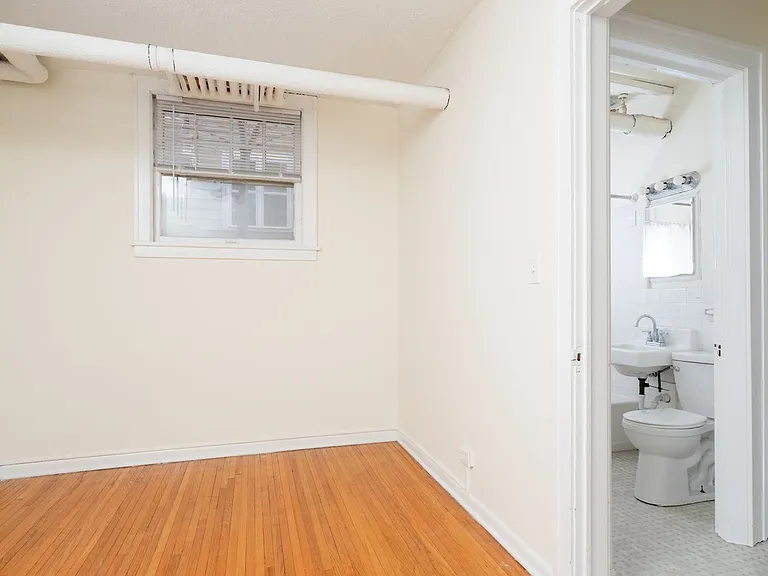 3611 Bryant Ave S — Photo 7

---

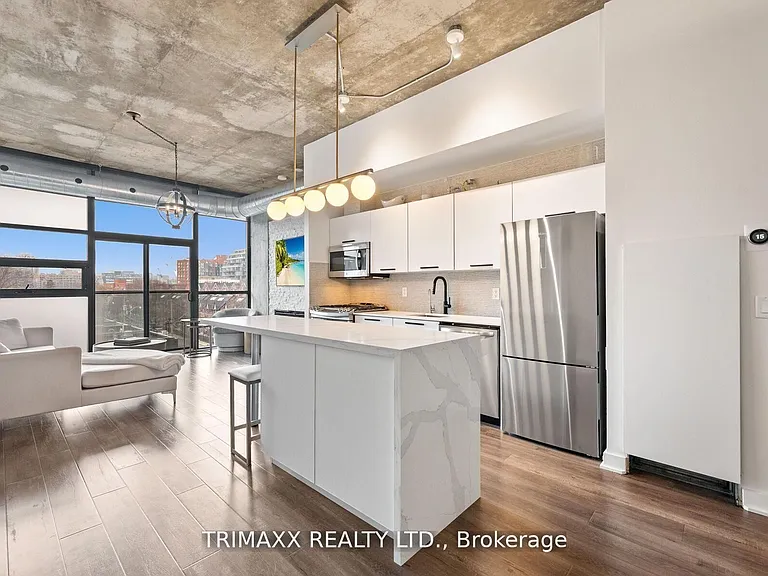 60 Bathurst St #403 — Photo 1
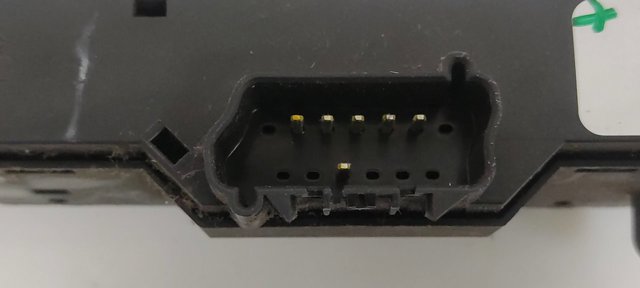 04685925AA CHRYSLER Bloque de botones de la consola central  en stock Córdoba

**Goal of the exercise:**
Copy exactly the lines of the listing above between the one holding "60 Bathurst St #403 — Photo 1" and the one holding "04685925AA CHRYSLER Bloque", inclusive; omit all pictures.

**Task output:**
 60 Bathurst St #403 — Photo 1
 04685925AA CHRYSLER Bloque de botones de la consola central  en stock Córdoba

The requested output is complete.